Carbon tax for emission targets - An alternative application of the DSGE model for optimal fossil fuel taxation by Golosov, Hassler, Krusell and Tsyvinski 2014

University essay from Handelshögskolan i Stockholm/Institutionen för nationalekonomi

Abstract: Economists widely agree that a Pigouvian fee on emissions is the first best option to correct for the un-priced externality of climate change. However, scientific estimates of future global costs of climate change are varying. So are estimates of future carbon uptake and climate forcing as well as the estimated probability, timing and size of tipping points. Integrated assessment models are highly sensitive to these parameters and as a result are limited in their ability to precisely derive optimal policy choice.
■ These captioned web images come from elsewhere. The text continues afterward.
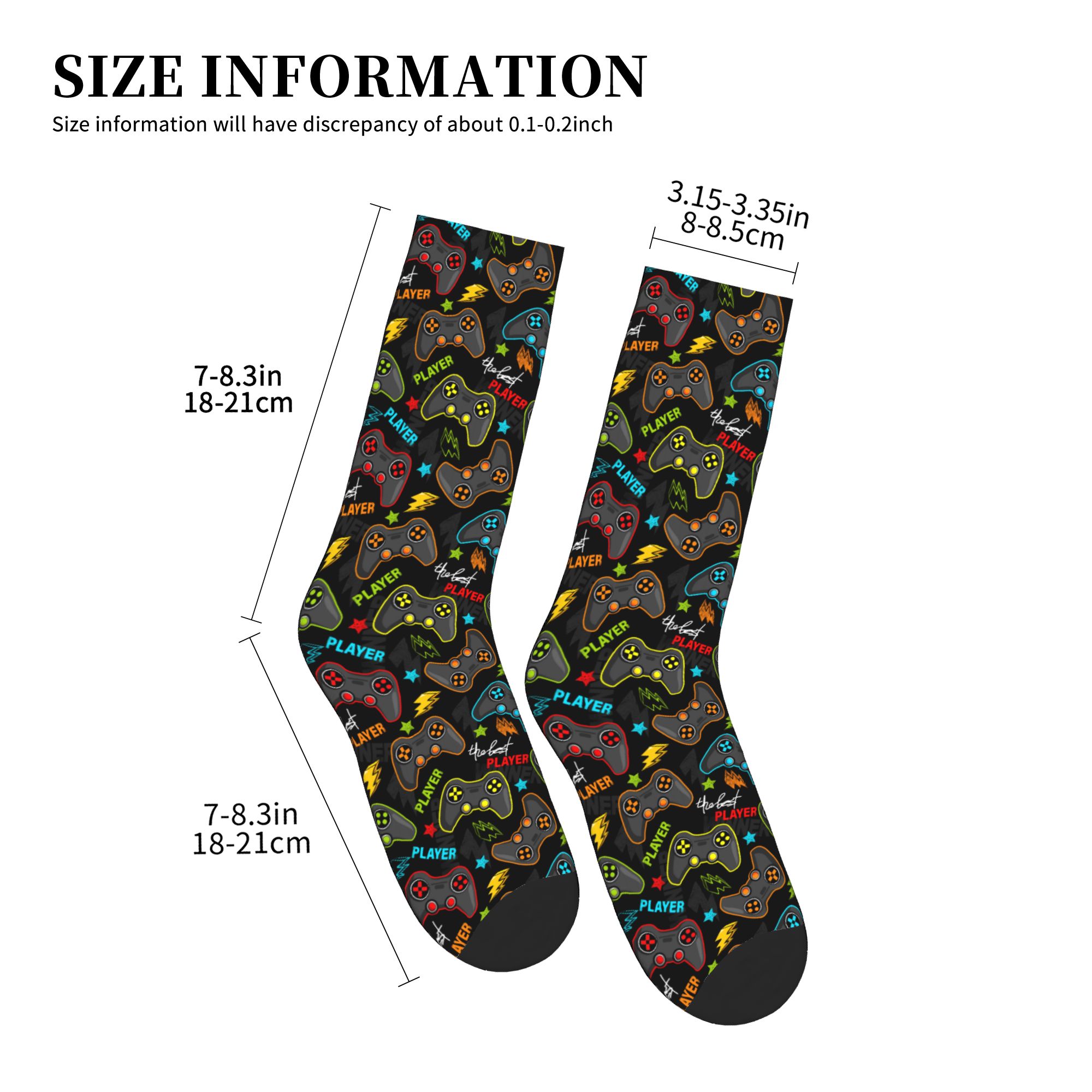 Game Controller Dress Socks Me – Dress Sock Men recenzja i cena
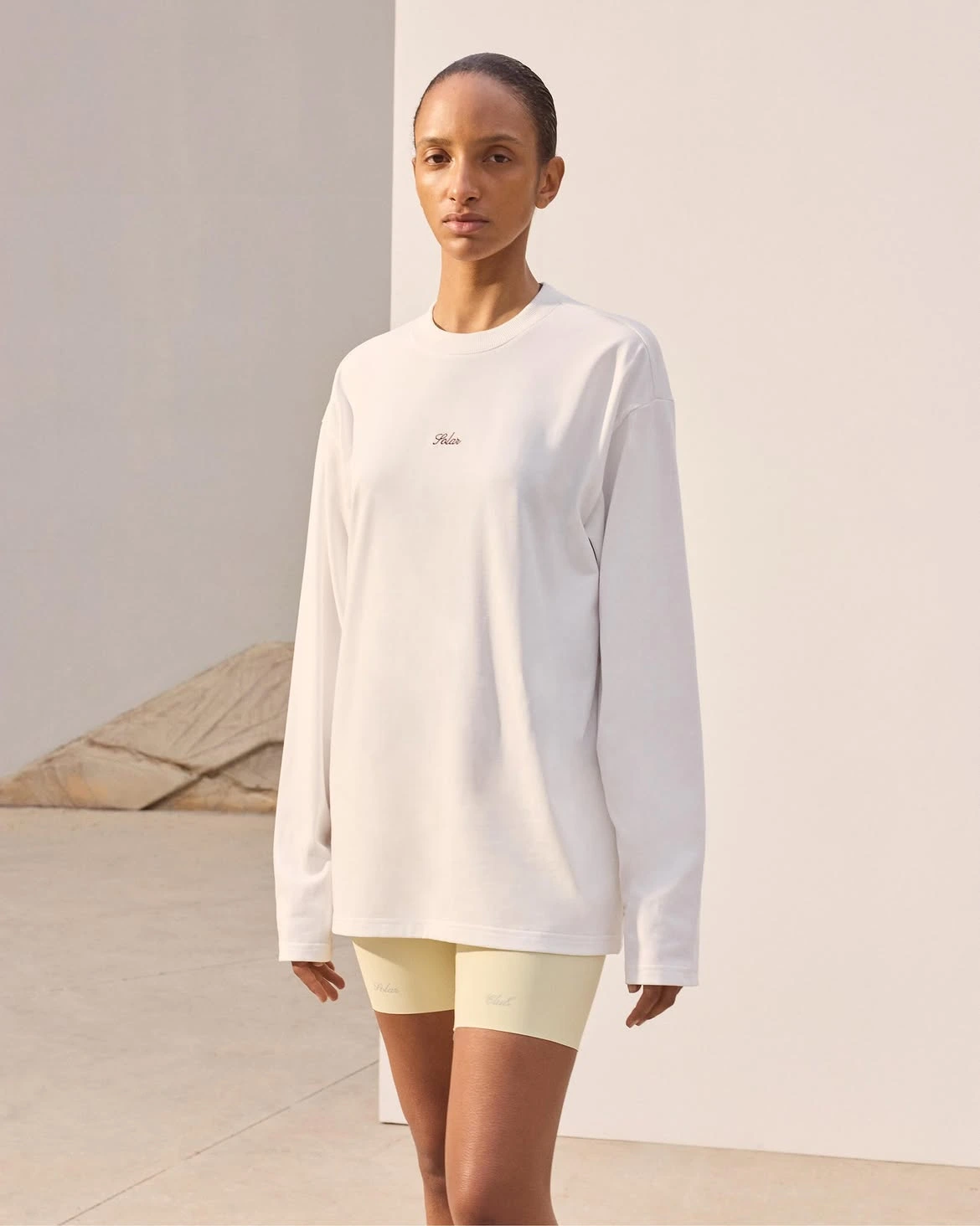 H&M X SOLAR CLUB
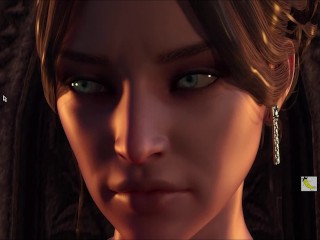 Treasure Of Nadia Gameplay Part 18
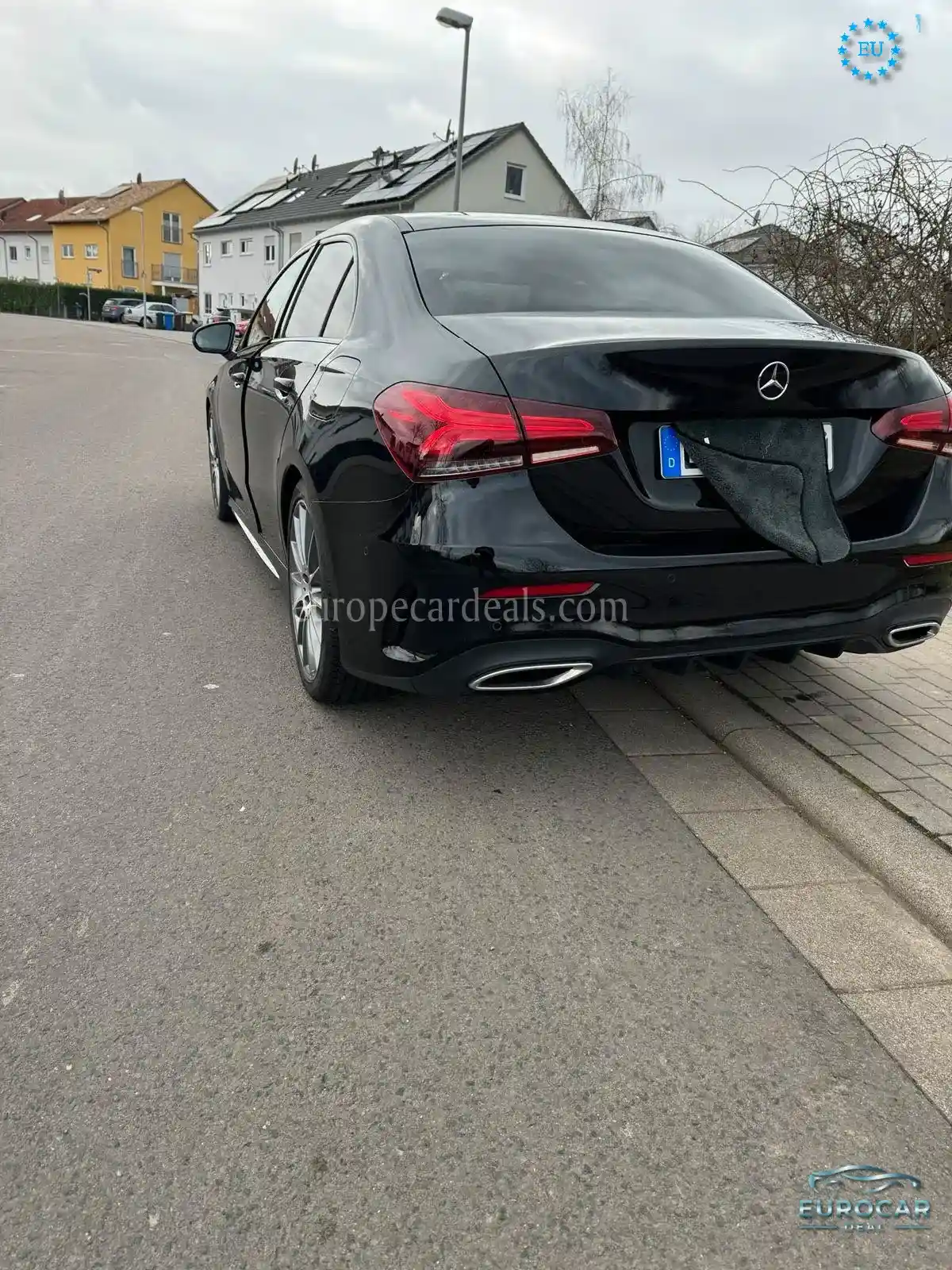 Mercedes-Benz E 250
This study discusses the impact of multiple uncertainties in policy optimisation models on climate mitigation policy choice and suggests an alternative approach to IAM policy optimization, introducing an exogenous emission target in the place of carbon uptake and damage functions. This approach shifts model dependency on unknown parameters of the climate function to a dependency on parameters that are more frequently discussed in the policy context. Drawing from the general closed economy setting of Golosov et al, a fossil energy tax formula is developed that demonstrates that the optimal tax rate given a dynamic emissions target can be expressed as a function of the target, energy intensity of the economy, technology levels of the energy sectors, and substitutability of energy inputs, among others.